Galde 24, (udaberria/2019/primavera). Imanol Zubero.-

En 2018 la revista Letras Libres publicaba un número dedicado a “La era de la indignación”. Pero bajo este epígrafe se abordaba una supuesta deriva hacia la “censura de la corrección política”. Qué diferencia con aquella portada de la revista Time dedicada a “The protester”, elegido personaje del año en 2011, encarnado por participantes en el 15M.¿Qué ha cambiado para que un concepto como “indignación”, que sirvió para dar nombre a un ciclo de protesta política que se extendió prácticamente por todo el mundo, pase ahora a redefinirse en términos de censura?

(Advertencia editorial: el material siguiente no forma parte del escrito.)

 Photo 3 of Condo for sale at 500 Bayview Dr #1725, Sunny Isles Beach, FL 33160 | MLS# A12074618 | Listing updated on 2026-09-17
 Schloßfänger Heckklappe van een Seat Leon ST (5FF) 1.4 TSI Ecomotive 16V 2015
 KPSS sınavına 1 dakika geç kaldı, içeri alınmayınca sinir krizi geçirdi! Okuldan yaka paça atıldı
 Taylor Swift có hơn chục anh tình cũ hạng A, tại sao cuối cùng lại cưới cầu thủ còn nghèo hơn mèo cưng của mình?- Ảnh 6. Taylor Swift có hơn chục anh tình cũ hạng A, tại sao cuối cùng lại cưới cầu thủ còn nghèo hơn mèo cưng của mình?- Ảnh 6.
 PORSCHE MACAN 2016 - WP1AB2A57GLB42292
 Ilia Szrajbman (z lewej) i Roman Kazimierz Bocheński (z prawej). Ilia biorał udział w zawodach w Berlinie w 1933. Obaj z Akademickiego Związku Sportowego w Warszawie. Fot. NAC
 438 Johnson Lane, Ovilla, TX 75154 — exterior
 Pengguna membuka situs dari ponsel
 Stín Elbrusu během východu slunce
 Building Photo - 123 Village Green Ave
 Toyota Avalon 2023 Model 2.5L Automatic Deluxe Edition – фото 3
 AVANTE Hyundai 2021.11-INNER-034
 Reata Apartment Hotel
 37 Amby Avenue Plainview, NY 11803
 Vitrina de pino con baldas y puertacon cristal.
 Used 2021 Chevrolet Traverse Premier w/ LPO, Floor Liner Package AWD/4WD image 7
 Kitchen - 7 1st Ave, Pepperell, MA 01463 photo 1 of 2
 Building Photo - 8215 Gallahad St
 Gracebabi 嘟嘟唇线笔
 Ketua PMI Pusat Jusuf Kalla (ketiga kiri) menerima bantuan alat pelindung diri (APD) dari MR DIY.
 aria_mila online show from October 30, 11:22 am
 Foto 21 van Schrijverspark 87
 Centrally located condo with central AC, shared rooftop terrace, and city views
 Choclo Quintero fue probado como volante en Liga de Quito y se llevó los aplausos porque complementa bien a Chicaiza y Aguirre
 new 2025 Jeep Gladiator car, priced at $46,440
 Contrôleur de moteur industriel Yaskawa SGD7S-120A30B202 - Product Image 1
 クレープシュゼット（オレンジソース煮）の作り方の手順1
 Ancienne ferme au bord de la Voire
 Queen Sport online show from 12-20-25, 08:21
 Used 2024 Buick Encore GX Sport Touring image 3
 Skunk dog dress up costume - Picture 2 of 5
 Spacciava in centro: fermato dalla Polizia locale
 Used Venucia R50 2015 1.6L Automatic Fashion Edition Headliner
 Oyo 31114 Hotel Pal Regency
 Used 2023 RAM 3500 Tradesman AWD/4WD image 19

Aunque Donatella della Porta sostiene que “si bien las protestas anti-austeridad han defendido una soberanía nacional, cuyos/as activistas perciben que ha sido arrebatada por las instituciones financieras (incluidos los bancos) y por los países más poderosos, las campañas han tendido a mantener una concepción inclusiva de la ciudadanía y visiones cosmopolitas”, otros, como Colin Crouch, consideran que el clima de indignación surgido al calor de la crisis y su gestión austeritaria es una variable más que se añade al caldo de cultivo donde se genera la actual ola de xenofobia en Europa.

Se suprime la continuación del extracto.